### WHAT TO WORK ON
Here is a listing. Set it down again exactly.

### DATASET
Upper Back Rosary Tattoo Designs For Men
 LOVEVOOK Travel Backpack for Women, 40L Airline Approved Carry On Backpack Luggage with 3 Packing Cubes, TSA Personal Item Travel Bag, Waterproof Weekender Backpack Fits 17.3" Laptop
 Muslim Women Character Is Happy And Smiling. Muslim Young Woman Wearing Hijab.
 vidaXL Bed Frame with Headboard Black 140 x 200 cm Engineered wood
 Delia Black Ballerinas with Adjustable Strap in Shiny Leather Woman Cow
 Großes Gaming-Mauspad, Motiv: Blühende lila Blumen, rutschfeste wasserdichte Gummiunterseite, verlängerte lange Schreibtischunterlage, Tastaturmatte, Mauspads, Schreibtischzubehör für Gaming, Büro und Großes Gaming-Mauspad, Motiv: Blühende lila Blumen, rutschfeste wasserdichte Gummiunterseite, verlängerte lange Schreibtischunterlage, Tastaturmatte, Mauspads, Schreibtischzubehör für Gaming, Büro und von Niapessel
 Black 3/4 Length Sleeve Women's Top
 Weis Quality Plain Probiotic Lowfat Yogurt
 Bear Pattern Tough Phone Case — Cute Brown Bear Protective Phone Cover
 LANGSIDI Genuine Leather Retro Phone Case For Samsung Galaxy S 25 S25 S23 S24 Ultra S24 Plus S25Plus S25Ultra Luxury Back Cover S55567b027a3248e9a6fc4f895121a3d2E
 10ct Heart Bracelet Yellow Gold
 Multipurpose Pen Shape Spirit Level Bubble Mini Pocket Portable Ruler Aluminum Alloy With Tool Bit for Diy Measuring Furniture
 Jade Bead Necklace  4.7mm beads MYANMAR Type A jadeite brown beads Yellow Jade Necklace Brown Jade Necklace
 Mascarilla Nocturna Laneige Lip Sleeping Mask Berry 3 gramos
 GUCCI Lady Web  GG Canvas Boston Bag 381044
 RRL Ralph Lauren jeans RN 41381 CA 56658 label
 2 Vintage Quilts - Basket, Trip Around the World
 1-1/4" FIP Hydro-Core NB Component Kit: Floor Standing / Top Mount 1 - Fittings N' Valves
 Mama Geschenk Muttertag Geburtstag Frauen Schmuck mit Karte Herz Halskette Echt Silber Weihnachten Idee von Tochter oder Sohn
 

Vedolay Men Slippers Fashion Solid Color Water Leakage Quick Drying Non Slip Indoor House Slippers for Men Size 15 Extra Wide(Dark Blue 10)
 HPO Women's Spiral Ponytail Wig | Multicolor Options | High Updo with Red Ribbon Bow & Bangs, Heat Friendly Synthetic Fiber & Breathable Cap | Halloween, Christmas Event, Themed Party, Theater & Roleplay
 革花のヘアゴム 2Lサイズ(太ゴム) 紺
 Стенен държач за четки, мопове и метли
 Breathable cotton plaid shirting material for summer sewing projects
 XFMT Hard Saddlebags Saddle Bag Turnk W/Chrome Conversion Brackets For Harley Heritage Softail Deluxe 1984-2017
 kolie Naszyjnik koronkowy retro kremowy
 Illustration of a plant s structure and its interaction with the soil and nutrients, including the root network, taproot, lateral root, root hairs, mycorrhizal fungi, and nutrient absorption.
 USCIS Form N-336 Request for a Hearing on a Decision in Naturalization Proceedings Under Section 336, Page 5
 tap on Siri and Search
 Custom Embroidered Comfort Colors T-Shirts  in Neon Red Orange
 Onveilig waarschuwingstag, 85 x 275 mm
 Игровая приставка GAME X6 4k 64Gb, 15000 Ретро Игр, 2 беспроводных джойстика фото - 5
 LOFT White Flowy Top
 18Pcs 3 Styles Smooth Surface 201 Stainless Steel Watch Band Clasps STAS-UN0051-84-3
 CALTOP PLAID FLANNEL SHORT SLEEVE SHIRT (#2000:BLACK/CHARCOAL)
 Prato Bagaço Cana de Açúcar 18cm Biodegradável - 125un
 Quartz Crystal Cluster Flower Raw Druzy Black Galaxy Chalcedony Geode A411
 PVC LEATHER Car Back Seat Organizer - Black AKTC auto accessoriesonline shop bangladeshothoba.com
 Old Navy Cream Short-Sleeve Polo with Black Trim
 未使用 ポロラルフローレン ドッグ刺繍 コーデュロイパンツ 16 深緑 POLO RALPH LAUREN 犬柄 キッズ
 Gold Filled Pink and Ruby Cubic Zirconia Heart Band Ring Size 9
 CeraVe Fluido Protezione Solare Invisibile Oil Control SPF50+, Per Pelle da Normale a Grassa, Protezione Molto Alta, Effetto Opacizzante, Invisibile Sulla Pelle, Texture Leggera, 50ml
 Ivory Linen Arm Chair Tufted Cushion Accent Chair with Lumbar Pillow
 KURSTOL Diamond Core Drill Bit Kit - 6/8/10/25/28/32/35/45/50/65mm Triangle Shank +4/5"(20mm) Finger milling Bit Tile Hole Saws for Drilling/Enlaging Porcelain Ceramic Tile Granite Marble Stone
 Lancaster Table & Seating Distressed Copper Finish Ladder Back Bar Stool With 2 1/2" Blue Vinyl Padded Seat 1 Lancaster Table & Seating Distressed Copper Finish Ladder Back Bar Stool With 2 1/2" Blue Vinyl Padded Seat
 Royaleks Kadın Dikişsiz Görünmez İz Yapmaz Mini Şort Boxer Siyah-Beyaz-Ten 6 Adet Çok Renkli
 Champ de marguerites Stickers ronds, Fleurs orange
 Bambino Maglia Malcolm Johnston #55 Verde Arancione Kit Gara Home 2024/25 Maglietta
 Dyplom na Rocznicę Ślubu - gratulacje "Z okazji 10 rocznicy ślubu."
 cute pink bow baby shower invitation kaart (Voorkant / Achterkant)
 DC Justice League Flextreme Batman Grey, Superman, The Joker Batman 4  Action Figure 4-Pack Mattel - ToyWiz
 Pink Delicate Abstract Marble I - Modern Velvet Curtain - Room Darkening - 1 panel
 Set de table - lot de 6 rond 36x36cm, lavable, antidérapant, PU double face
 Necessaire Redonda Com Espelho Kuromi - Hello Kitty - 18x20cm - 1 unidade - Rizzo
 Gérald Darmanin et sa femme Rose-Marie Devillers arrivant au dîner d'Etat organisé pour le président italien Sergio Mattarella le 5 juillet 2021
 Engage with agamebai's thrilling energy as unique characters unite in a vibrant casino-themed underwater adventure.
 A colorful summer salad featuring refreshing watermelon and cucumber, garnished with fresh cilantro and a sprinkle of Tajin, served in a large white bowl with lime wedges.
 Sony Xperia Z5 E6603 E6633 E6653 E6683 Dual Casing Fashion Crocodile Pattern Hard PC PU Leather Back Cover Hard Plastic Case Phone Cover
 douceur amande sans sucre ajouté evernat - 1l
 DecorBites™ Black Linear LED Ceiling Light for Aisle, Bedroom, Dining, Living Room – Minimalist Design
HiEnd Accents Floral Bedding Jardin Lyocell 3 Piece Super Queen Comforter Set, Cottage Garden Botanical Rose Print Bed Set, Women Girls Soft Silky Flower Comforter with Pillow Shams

### EXERCISE OUTPUT
Upper Back Rosary Tattoo Designs For Men
 LOVEVOOK Travel Backpack for Women, 40L Airline Approved Carry On Backpack Luggage with 3 Packing Cubes, TSA Personal Item Travel Bag, Waterproof Weekender Backpack Fits 17.3" Laptop
 Muslim Women Character Is Happy And Smiling. Muslim Young Woman Wearing Hijab.
 vidaXL Bed Frame with Headboard Black 140 x 200 cm Engineered wood
 Delia Black Ballerinas with Adjustable Strap in Shiny Leather Woman Cow
 Großes Gaming-Mauspad, Motiv: Blühende lila Blumen, rutschfeste wasserdichte Gummiunterseite, verlängerte lange Schreibtischunterlage, Tastaturmatte, Mauspads, Schreibtischzubehör für Gaming, Büro und Großes Gaming-Mauspad, Motiv: Blühende lila Blumen, rutschfeste wasserdichte Gummiunterseite, verlängerte lange Schreibtischunterlage, Tastaturmatte, Mauspads, Schreibtischzubehör für Gaming, Büro und von Niapessel
 Black 3/4 Length Sleeve Women's Top
 Weis Quality Plain Probiotic Lowfat Yogurt
 Bear Pattern Tough Phone Case — Cute Brown Bear Protective Phone Cover
 LANGSIDI Genuine Leather Retro Phone Case For Samsung Galaxy S 25 S25 S23 S24 Ultra S24 Plus S25Plus S25Ultra Luxury Back Cover S55567b027a3248e9a6fc4f895121a3d2E
 10ct Heart Bracelet Yellow Gold
 Multipurpose Pen Shape Spirit Level Bubble Mini Pocket Portable Ruler Aluminum Alloy With Tool Bit for Diy Measuring Furniture
 Jade Bead Necklace  4.7mm beads MYANMAR Type A jadeite brown beads Yellow Jade Necklace Brown Jade Necklace
 Mascarilla Nocturna Laneige Lip Sleeping Mask Berry 3 gramos
 GUCCI Lady Web  GG Canvas Boston Bag 381044
 RRL Ralph Lauren jeans RN 41381 CA 56658 label
 2 Vintage Quilts - Basket, Trip Around the World
 1-1/4" FIP Hydro-Core NB Component Kit: Floor Standing / Top Mount 1 - Fittings N' Valves
 Mama Geschenk Muttertag Geburtstag Frauen Schmuck mit Karte Herz Halskette Echt Silber Weihnachten Idee von Tochter oder Sohn
 

Vedolay Men Slippers Fashion Solid Color Water Leakage Quick Drying Non Slip Indoor House Slippers for Men Size 15 Extra Wide(Dark Blue 10)
 HPO Women's Spiral Ponytail Wig | Multicolor Options | High Updo with Red Ribbon Bow & Bangs, Heat Friendly Synthetic Fiber & Breathable Cap | Halloween, Christmas Event, Themed Party, Theater & Roleplay
 革花のヘアゴム 2Lサイズ(太ゴム) 紺
 Стенен държач за четки, мопове и метли
 Breathable cotton plaid shirting material for summer sewing projects
 XFMT Hard Saddlebags Saddle Bag Turnk W/Chrome Conversion Brackets For Harley Heritage Softail Deluxe 1984-2017
 kolie Naszyjnik koronkowy retro kremowy
 Illustration of a plant s structure and its interaction with the soil and nutrients, including the root network, taproot, lateral root, root hairs, mycorrhizal fungi, and nutrient absorption.
 USCIS Form N-336 Request for a Hearing on a Decision in Naturalization Proceedings Under Section 336, Page 5
 tap on Siri and Search
 Custom Embroidered Comfort Colors T-Shirts  in Neon Red Orange
 Onveilig waarschuwingstag, 85 x 275 mm
 Игровая приставка GAME X6 4k 64Gb, 15000 Ретро Игр, 2 беспроводных джойстика фото - 5
 LOFT White Flowy Top
 18Pcs 3 Styles Smooth Surface 201 Stainless Steel Watch Band Clasps STAS-UN0051-84-3
 CALTOP PLAID FLANNEL SHORT SLEEVE SHIRT (#2000:BLACK/CHARCOAL)
 Prato Bagaço Cana de Açúcar 18cm Biodegradável - 125un
 Quartz Crystal Cluster Flower Raw Druzy Black Galaxy Chalcedony Geode A411
 PVC LEATHER Car Back Seat Organizer - Black AKTC auto accessoriesonline shop bangladeshothoba.com
 Old Navy Cream Short-Sleeve Polo with Black Trim
 未使用 ポロラルフローレン ドッグ刺繍 コーデュロイパンツ 16 深緑 POLO RALPH LAUREN 犬柄 キッズ
 Gold Filled Pink and Ruby Cubic Zirconia Heart Band Ring Size 9
 CeraVe Fluido Protezione Solare Invisibile Oil Control SPF50+, Per Pelle da Normale a Grassa, Protezione Molto Alta, Effetto Opacizzante, Invisibile Sulla Pelle, Texture Leggera, 50ml
 Ivory Linen Arm Chair Tufted Cushion Accent Chair with Lumbar Pillow
 KURSTOL Diamond Core Drill Bit Kit - 6/8/10/25/28/32/35/45/50/65mm Triangle Shank +4/5"(20mm) Finger milling Bit Tile Hole Saws for Drilling/Enlaging Porcelain Ceramic Tile Granite Marble Stone
 Lancaster Table & Seating Distressed Copper Finish Ladder Back Bar Stool With 2 1/2" Blue Vinyl Padded Seat 1 Lancaster Table & Seating Distressed Copper Finish Ladder Back Bar Stool With 2 1/2" Blue Vinyl Padded Seat
 Royaleks Kadın Dikişsiz Görünmez İz Yapmaz Mini Şort Boxer Siyah-Beyaz-Ten 6 Adet Çok Renkli
 Champ de marguerites Stickers ronds, Fleurs orange
 Bambino Maglia Malcolm Johnston #55 Verde Arancione Kit Gara Home 2024/25 Maglietta
 Dyplom na Rocznicę Ślubu - gratulacje "Z okazji 10 rocznicy ślubu."
 cute pink bow baby shower invitation kaart (Voorkant / Achterkant)
 DC Justice League Flextreme Batman Grey, Superman, The Joker Batman 4  Action Figure 4-Pack Mattel - ToyWiz
 Pink Delicate Abstract Marble I - Modern Velvet Curtain - Room Darkening - 1 panel
 Set de table - lot de 6 rond 36x36cm, lavable, antidérapant, PU double face
 Necessaire Redonda Com Espelho Kuromi - Hello Kitty - 18x20cm - 1 unidade - Rizzo
 Gérald Darmanin et sa femme Rose-Marie Devillers arrivant au dîner d'Etat organisé pour le président italien Sergio Mattarella le 5 juillet 2021
 Engage with agamebai's thrilling energy as unique characters unite in a vibrant casino-themed underwater adventure.
 A colorful summer salad featuring refreshing watermelon and cucumber, garnished with fresh cilantro and a sprinkle of Tajin, served in a large white bowl with lime wedges.
 Sony Xperia Z5 E6603 E6633 E6653 E6683 Dual Casing Fashion Crocodile Pattern Hard PC PU Leather Back Cover Hard Plastic Case Phone Cover
 douceur amande sans sucre ajouté evernat - 1l
 DecorBites™ Black Linear LED Ceiling Light for Aisle, Bedroom, Dining, Living Room – Minimalist Design
HiEnd Accents Floral Bedding Jardin Lyocell 3 Piece Super Queen Comforter Set, Cottage Garden Botanical Rose Print Bed Set, Women Girls Soft Silky Flower Comforter with Pillow Shams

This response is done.